Everything in the listing below from the line containing "Модный эластичный металлический" through the line containing "fdb9c8c87d70414eaccd0148a382367d" must be repeated exactly; the remaining lines are not wanted.
Top of Information supplied
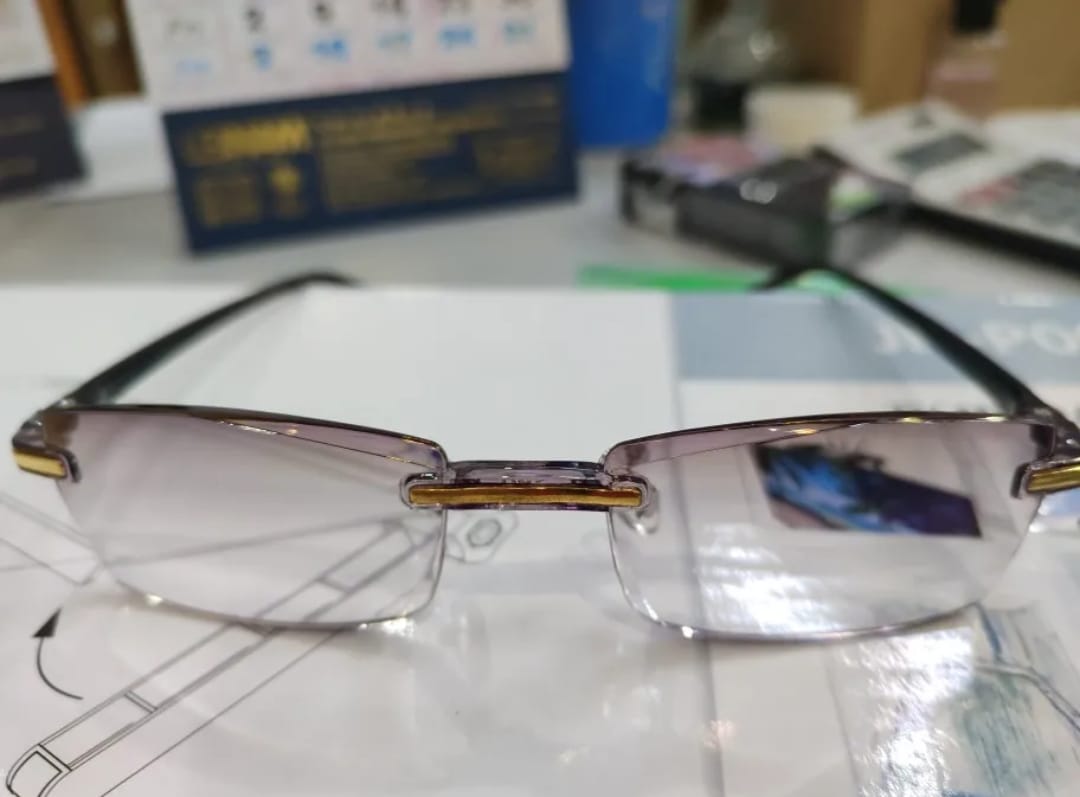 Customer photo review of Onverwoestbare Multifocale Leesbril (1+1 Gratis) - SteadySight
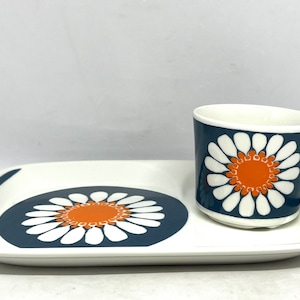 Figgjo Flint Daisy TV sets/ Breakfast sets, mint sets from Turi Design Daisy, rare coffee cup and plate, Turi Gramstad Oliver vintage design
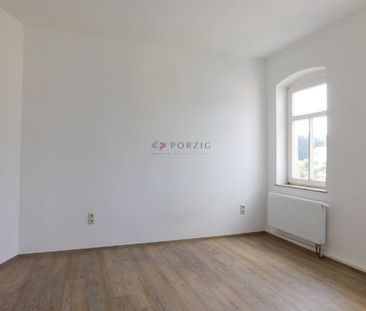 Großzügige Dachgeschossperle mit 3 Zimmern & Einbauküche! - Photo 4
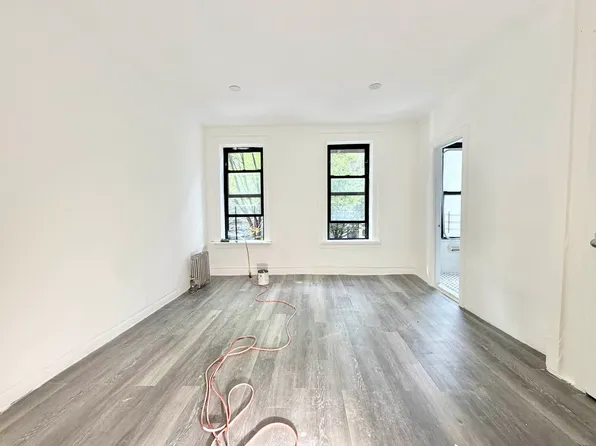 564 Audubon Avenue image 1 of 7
Bottom of Information supplied
Top of Information supplied
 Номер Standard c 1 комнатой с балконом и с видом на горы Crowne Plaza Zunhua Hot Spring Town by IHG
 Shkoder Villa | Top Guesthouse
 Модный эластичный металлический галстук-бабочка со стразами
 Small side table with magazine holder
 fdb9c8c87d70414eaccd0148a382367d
Bottom of Information supplied
Top of Information supplied
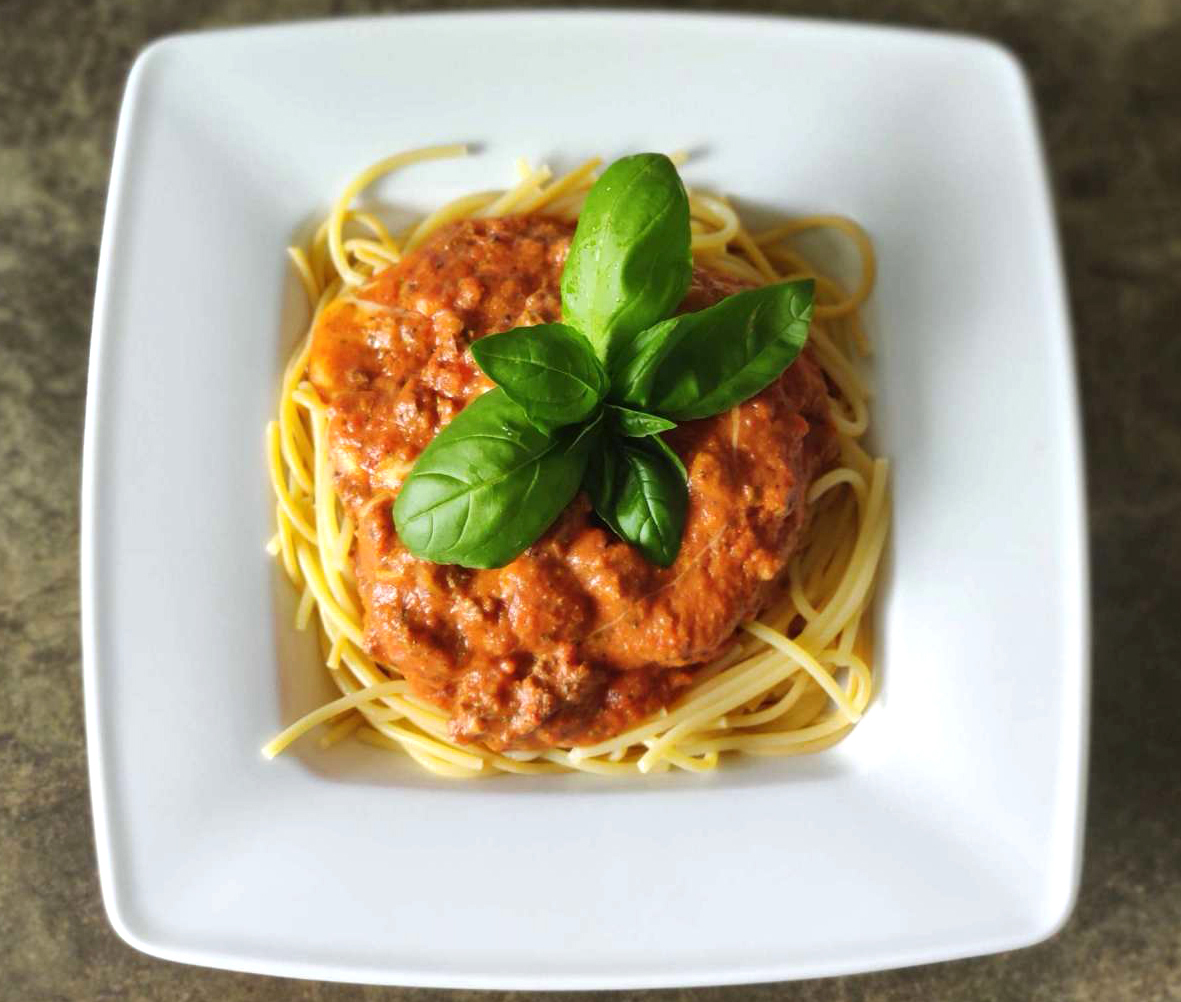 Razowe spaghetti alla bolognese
Bottom of Information supplied
▶ [Task output]
 Модный эластичный металлический галстук-бабочка со стразами
 Small side table with magazine holder
 fdb9c8c87d70414eaccd0148a382367d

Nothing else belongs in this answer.